Wasting a lot of celluloid isn’t an issue.
He hopes to discover “some meaning” in what’s going on in a life that “seems to haunt me in uncommon ways.”
Or maybe they’re not that uncommon. But that’s exactly how a narcissist would see it.
His aim is to make a sort of “Lulu’s Diary,” referencing the classic Louise Brooks’ silent film “Pandora’s Box.” He quotes “Breathless” filmmaker Jean-Luc Godard noting that his camera “tells the truth 24 times (frames) a second.”
So Holzman will film his world, the streets he walks in the neighborhood (W. 71st Street) on this week in July of 1967, capturing the people along those streets, the storefronts, the historic sites (The Ansonia Hotel, the “Red House”).
He plays around with a fisheye lens, walks us down the longest park bench in New York, taking in the faces he captures as he does, takes us on a noisy subway ride where he stalks a pretty rider as she detrains.

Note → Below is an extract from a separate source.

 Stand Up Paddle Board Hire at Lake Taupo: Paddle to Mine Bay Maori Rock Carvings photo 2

He introduces us to his very reluctant model/girlfriend Penny (Eileen Dietz), who averts her eyes and asks him to stop filming her out-of-makeup. When she catches him filming her nude, sleeping in post-coital repose, she flips out and storms out.

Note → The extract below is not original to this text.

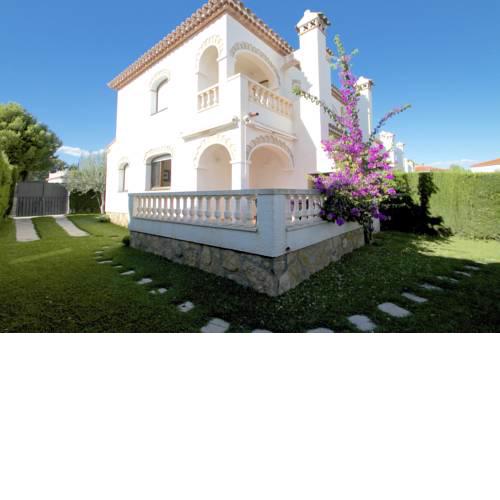 ARENDA Pino Alto Holiday Home Masia 1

He peeps out his window at the neighbor woman across the street whom he names “Sandra” (Louise Levine) because, you know, he’s looked up the name on the mailbox downstairs — “S. Schwartz” — and decided she “reminds me of Visconti’s Sandra.” He even calls her up and figures out, in a flash, that she isn’t a “Sandra” when she hangs up before he can run through all the other “S” first names he can think of.

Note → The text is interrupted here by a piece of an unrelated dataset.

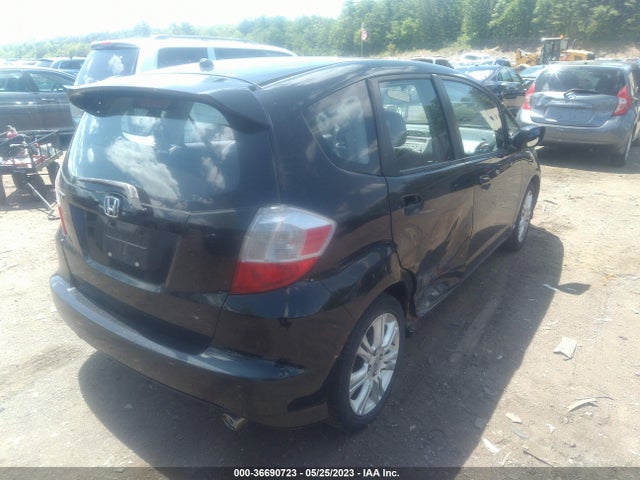 2011 HONDA FIT SPORT VIN: JHMGE8H59BC016065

So yes, this guy is obsessed and inappropriate and seriously creepy and we’re allowed to laugh at him, maybe cringe a little bit and wonder if there’s a joke in the native-New Yorker McBride giving this creepy character a Jewish surname and if we’re allowed to laugh at that now.
The funniest and most celebrated sequence is perhaps unscripted and is certainly uncredited. A transvestite neighbor pulls up in her T-bird convertible (Hellooo, “Thelma & Louise”), stops traffic (horns honk, other drivers complain and gawk) and engages David — actually McBride, his star and his film crew — in a long, crude come-on of a conversation.
“David” is a a bit amused and a little rattled, and not just at the idea of a New Yorker in the ’60s having the guts to own an easily-broken-into rag-top Thunderbird.
“David Holzman’s Diary” is a lovely snapshot of Manhattan in the ’60s and a biting portrait of the cinema fanatic/film school student of the day, and indeed every day that’s followed. It may portend our current Youtube/Tik Tok “influencer” era, but it more directly inspired the “documentary diaries” of Ross McElwee (“Sherman’s March”) and Michael Moore (“Roger & Me”).
It’s all pretty much faked, and you can see the early comedies of Albert Brooks (“Real Life,” “Lost in America”) and “This is Spinal Tap” in this twist on upending and ridiculing the then-new “cinema verite” documentary conventions of the ’60s.
McBride’s Holzman even brings in an artist friend (Lorenzo Mans) to launch into a diatribe of how the presence of the camera alters the “reality” of what he’s doing, a philosophical debate that erupted when fly-on-the-wall “truth” documentaries in the cinema verite style became a thing.
“David Holzman’s Diary” may not be as funny and off-the-wall transgressive as it once was. But it’s still a marvel, a movie that one can look at now and see the building blocks for the “realistic” DIY cinema to come, and see it brutally mocked well before its “My movie is about ME” time.
Rating: unrated, nudity, profanity
Cast: L.M. “Kit” Carson, Eileen Dietz, Lorenzo Mans, Louise Levine and Robert Lesser.
Credits: Scripted and directed by Jim McBride. A Kino Lorber release on Tubi, Mubi, Amazon et al.